A dozen or so local artists set up displays of their work at Larkin Arts’ first ever Art Market, held right there on the Court Square and spilling over into the Denton building parking lot. Even before its official start at noon, folks who were clearly on their way somewhere felt compelled to pause, peruse, and talk with the artists.
Here’s a little snapshot of the artists there that day.
Trip Madison wasn’t actually present, because he was out of town, but his work made it to the market: prints of acrylic and ink on wood and printed on metallic paper. To the left of his table was Daniel Suter and his bearded demons and monsters. I guess they are scary looking creatures, except for their lovely, flowing, feather-drop beards, but one — the purple one — didn’t seem so demonic. He seemed benign, wistful, even sympathetic. I wanted to take him home.
Around the corner we found Paul Somers displaying multiple photographs, including Polaroids that carry such nostalgia, like stumbling on an old forgotten box of photos in your parents’ attic. Paul shared a table with Chris Fulmer, whose work was also tangibly personal — like photocopies of his journal, for example — and, therefore ironically, free.
Morgan Fink displayed prints of her oil paintings and drawings done in pen & ink with colored pencil, and Angus Carter shared an immeasurable variety of work with those who browsed his table. I liked that “What a Fox” fox portrait, and pretty much everything in the box labeled TESTS & DOODLES.
There was also some recycled art work: Andi Senatro of Andi’s Green Art displayed mosaics, guitar picks, and other items made entirely of chopped up Starbucks gift cards, and Kelley Shradley-Horst made all sorts of items from clock and watch parts.
Bruce Rosenwasser was there; he has a thing for hearts. In fact, last year he sold some 600 hand-carved wooden hearts. He told me how one year he made all these wooden Christmas ornaments in various shapes, and some ladies sifted through the entire inventory and bought all the heart-shaped ones. Now he can’t seem to make enough of them. But he also creates frames, earrings, wall hangings, even portaits, all from locally reclaimed scrap wood.
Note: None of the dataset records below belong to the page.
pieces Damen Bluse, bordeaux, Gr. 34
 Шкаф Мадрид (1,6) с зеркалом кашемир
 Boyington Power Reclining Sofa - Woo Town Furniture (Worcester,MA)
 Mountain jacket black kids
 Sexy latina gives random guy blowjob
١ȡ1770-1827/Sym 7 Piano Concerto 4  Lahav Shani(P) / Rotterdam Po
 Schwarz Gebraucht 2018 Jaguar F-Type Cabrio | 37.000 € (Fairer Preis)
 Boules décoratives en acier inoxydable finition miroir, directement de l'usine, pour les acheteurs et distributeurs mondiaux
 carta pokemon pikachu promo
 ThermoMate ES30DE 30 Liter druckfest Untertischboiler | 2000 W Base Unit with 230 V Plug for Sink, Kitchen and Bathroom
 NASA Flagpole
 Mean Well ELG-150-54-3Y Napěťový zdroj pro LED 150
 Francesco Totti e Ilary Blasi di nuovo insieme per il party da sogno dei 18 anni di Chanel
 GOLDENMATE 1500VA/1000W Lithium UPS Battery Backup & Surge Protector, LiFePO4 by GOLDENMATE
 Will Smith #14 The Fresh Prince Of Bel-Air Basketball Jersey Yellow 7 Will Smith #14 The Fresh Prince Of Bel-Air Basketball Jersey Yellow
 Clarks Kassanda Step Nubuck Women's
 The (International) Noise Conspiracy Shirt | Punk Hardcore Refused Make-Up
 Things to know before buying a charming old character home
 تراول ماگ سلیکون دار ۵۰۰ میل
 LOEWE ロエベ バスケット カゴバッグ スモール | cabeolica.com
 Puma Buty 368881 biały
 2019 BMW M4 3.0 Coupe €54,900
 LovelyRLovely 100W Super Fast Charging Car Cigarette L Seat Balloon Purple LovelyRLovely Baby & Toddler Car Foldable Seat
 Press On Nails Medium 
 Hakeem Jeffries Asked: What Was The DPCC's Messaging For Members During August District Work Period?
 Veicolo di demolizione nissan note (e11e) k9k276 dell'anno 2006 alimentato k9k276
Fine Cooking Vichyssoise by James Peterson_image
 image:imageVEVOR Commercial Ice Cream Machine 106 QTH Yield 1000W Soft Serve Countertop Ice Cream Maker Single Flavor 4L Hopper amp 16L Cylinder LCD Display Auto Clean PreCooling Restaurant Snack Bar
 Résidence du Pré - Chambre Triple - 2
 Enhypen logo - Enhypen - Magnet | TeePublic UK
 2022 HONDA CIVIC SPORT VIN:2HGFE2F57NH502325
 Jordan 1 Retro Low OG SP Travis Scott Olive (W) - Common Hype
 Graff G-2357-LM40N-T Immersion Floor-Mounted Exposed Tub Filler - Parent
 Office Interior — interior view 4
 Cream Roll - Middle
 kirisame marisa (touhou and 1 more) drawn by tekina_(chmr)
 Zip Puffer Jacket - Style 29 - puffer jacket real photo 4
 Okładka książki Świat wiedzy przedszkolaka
I really enjoyed Pam Ulmer’s photos — so bright and crisp, some of nature or serene locations, some of interesting historic landmarks, statues, old buildings. Lynda Bostrom’s large display featured drawings, paintings, and graphic designs in subtle colors. Brandy picked up a couple from her:
Last but not least was Denise Allen and her table of drawings and watercolor paintings, hand-made coloring books with a free hand-made, star-shaped crayon (!), and even seed packets, all in brown paper packaging, signifying favorite things. You know what one of my favorite things is? Pretty much anything made by Denise. And Denise herself.